• [WHAT YOU HAVE TO DO]
Restate the records below word for word, and omit the images they hold.

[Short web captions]
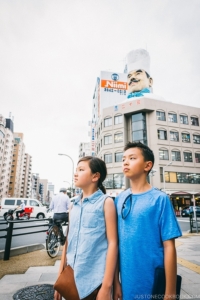 children in front of Niimi kitchenware store - Tokyo Kappabashi Guide | www.justonecookbook.com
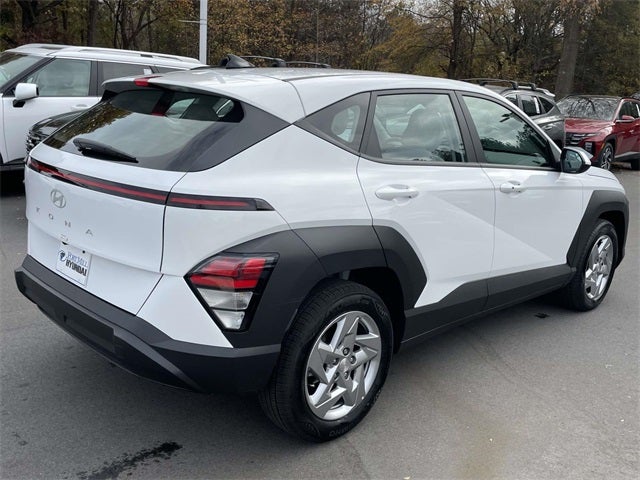 2025 Hyundai Kona SE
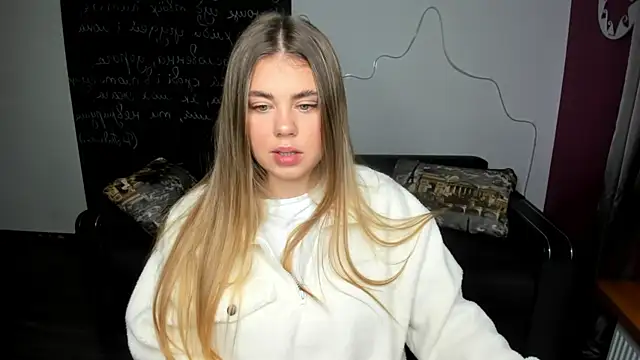 IsabellaBler online show from October 2025 05:52:01 AM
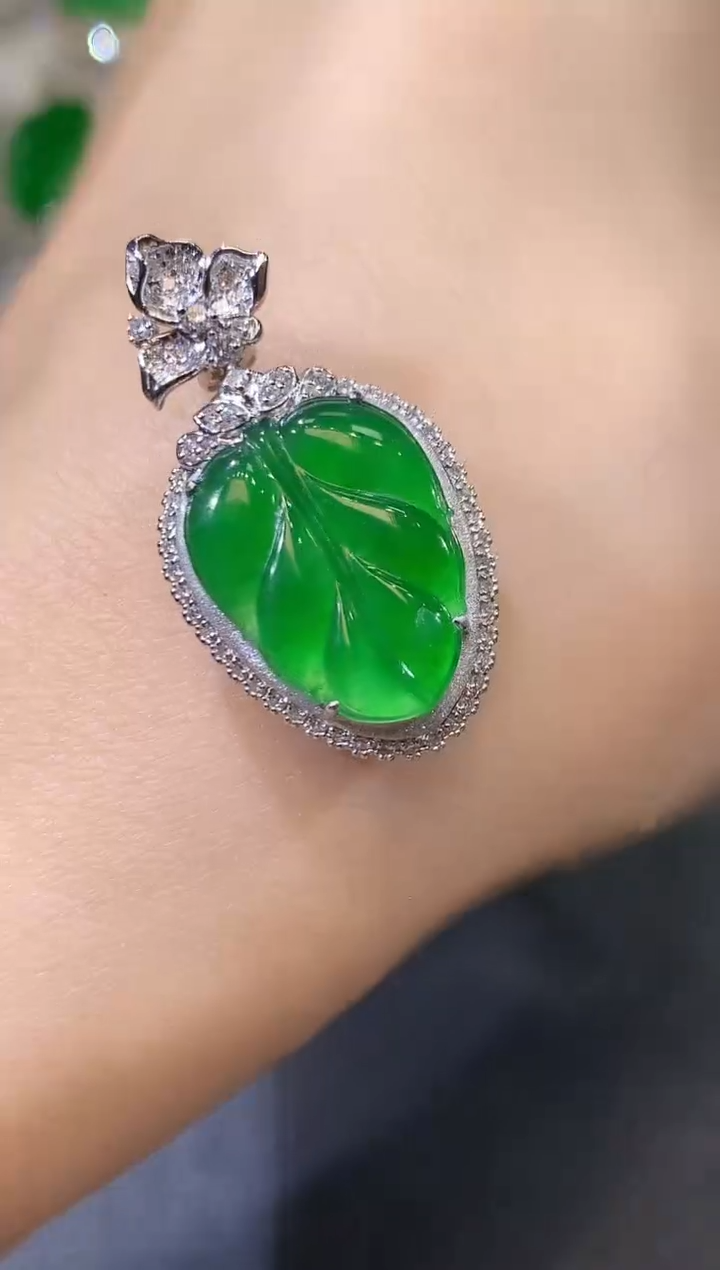 【闪购商品】翡翠吊坠(不含链)18K金镶嵌C36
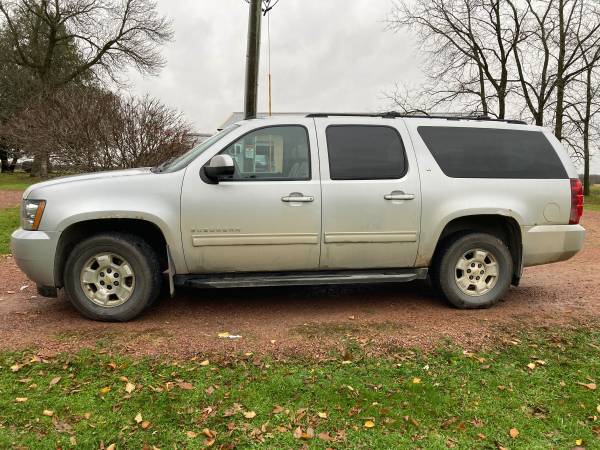 2010 Chevy Suburban LT, 1500, 5.3 L, V8 - cars & trucks - by owner -... for sale in Marshfield, WI – photo 2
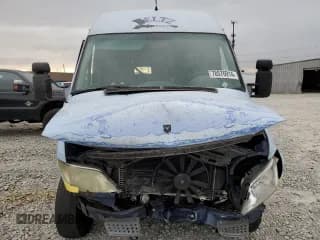 ✅ 2004 Dodge Sprinter • VIN: WD2PD744545699979 • Lot: 78576914. Listed on Copart with Not provided. Free auction sales archive from the USA and detailed vehicle history report at DreamBid. Image 5.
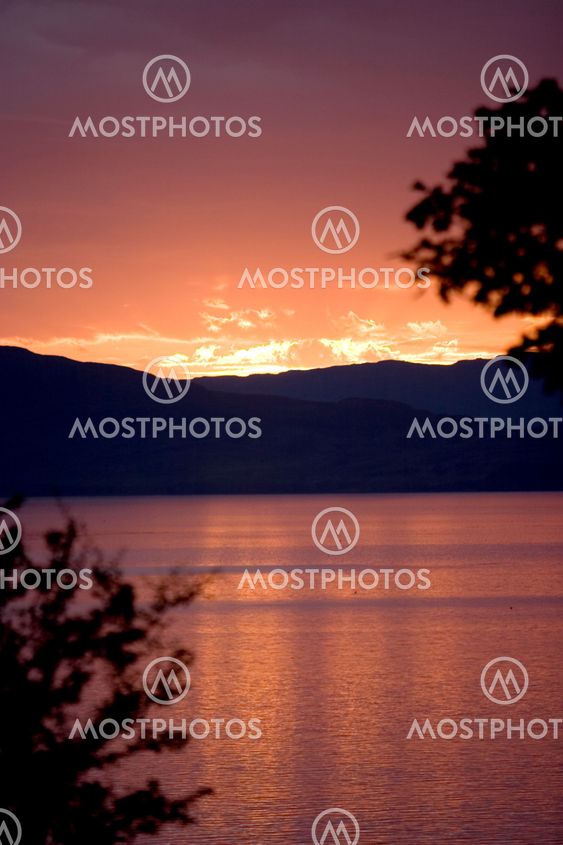 Sunset over skotske øer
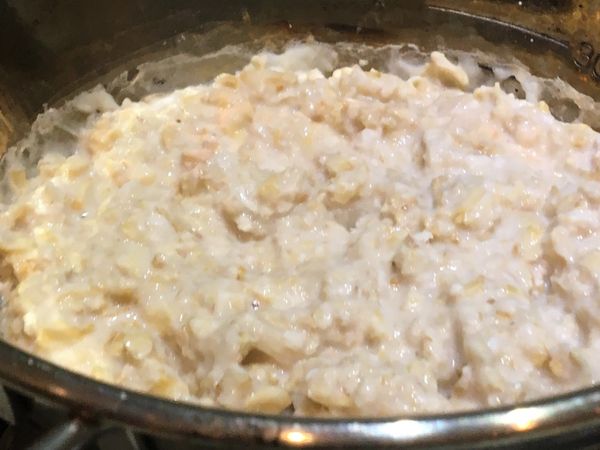 將150 CC的水倒入，加熱煮成麥糊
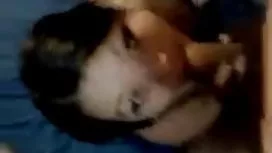 Une bête canadienne aux seins naturels fellation suce video sexe anal profondément un butin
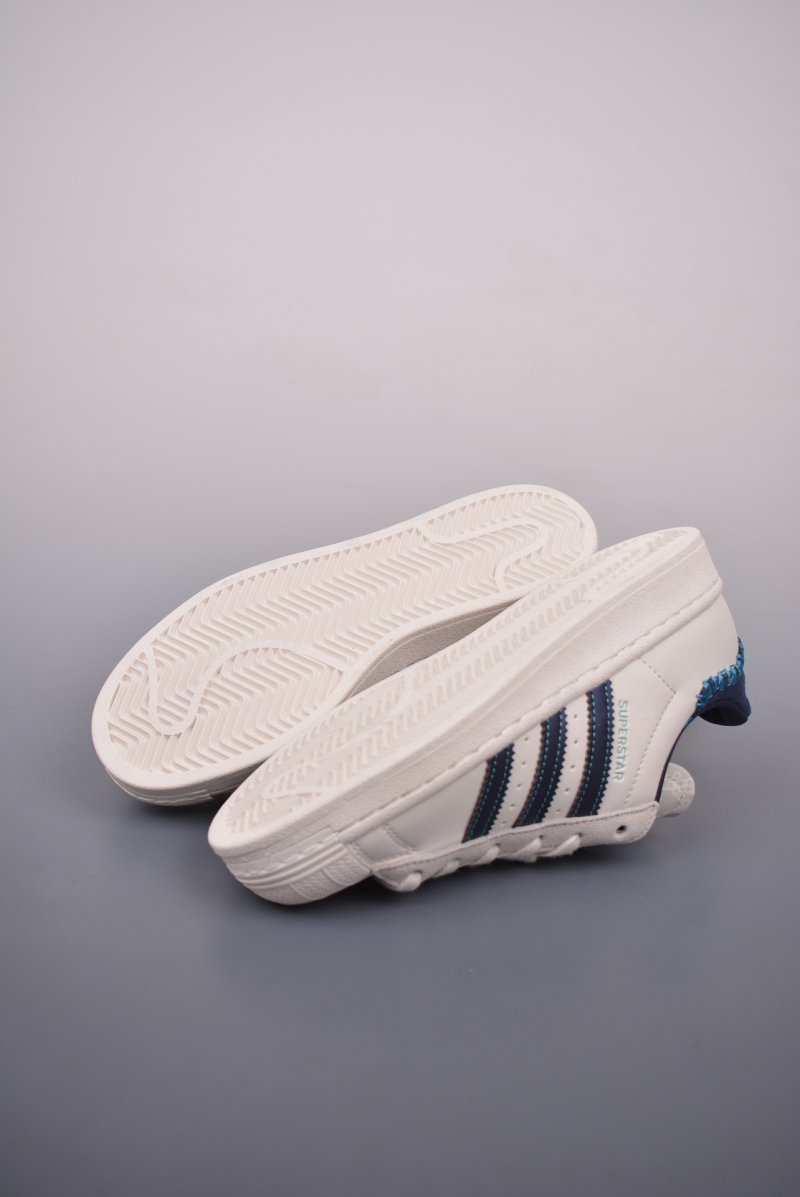 Adidas Originals Superstar W 'White' view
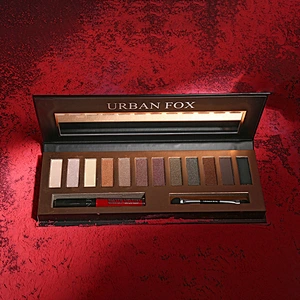 High Quality Private Label 12 Color Custom Eyeshadow Palette Eye Shadow Makeup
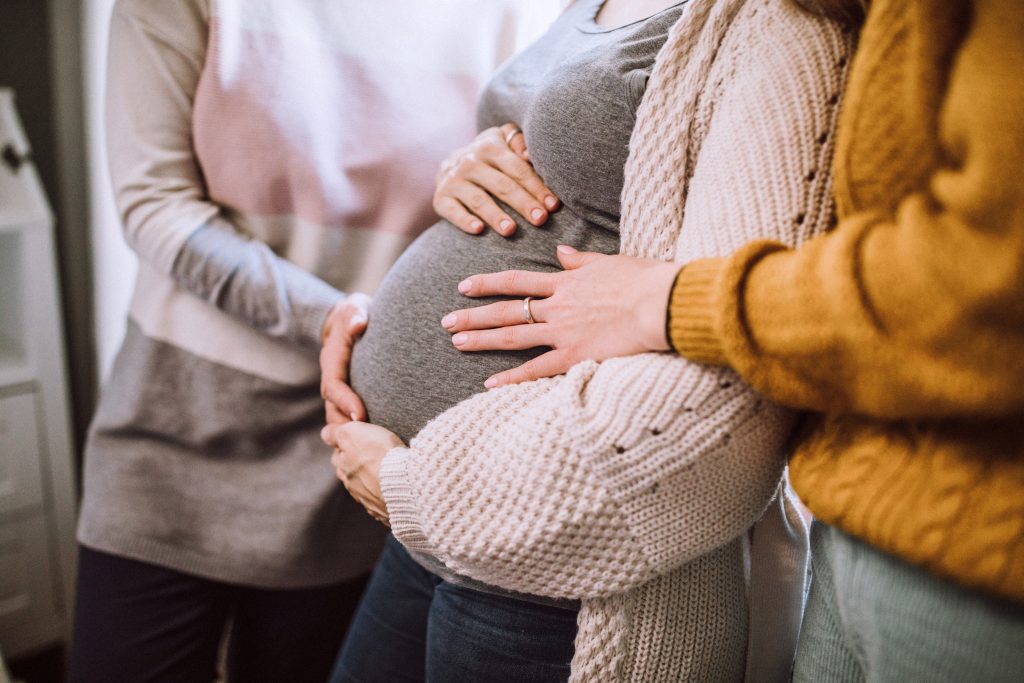 4 cuidados essenciais com a saúde durante a gestação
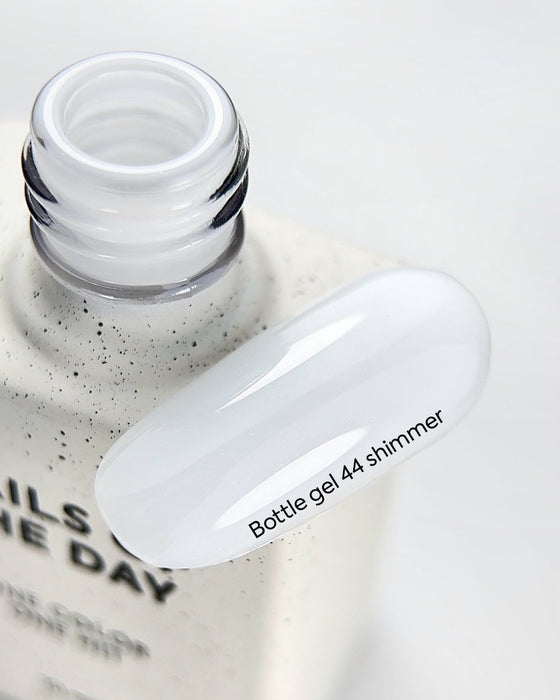NAILSOFTHEDAY Bottle gel 44 shimmer, 10 ml - Ivaka Store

• [SOLUTION TO THIS TASK]
 children in front of Niimi kitchenware store - Tokyo Kappabashi Guide | www.justonecookbook.com
 2025 Hyundai Kona SE
 IsabellaBler online show from October 2025 05:52:01 AM
 【闪购商品】翡翠吊坠(不含链)18K金镶嵌C36
 2010 Chevy Suburban LT, 1500, 5.3 L, V8 - cars & trucks - by owner -... for sale in Marshfield, WI – photo 2
 ✅ 2004 Dodge Sprinter • VIN: WD2PD744545699979 • Lot: 78576914. Listed on Copart with Not provided. Free auction sales archive from the USA and detailed vehicle history report at DreamBid. Image 5.
 Sunset over skotske øer
 將150 CC的水倒入，加熱煮成麥糊
 Une bête canadienne aux seins naturels fellation suce video sexe anal profondément un butin
 Adidas Originals Superstar W 'White' view
 High Quality Private Label 12 Color Custom Eyeshadow Palette Eye Shadow Makeup
 4 cuidados essenciais com a saúde durante a gestação
NAILSOFTHEDAY Bottle gel 44 shimmer, 10 ml - Ivaka Store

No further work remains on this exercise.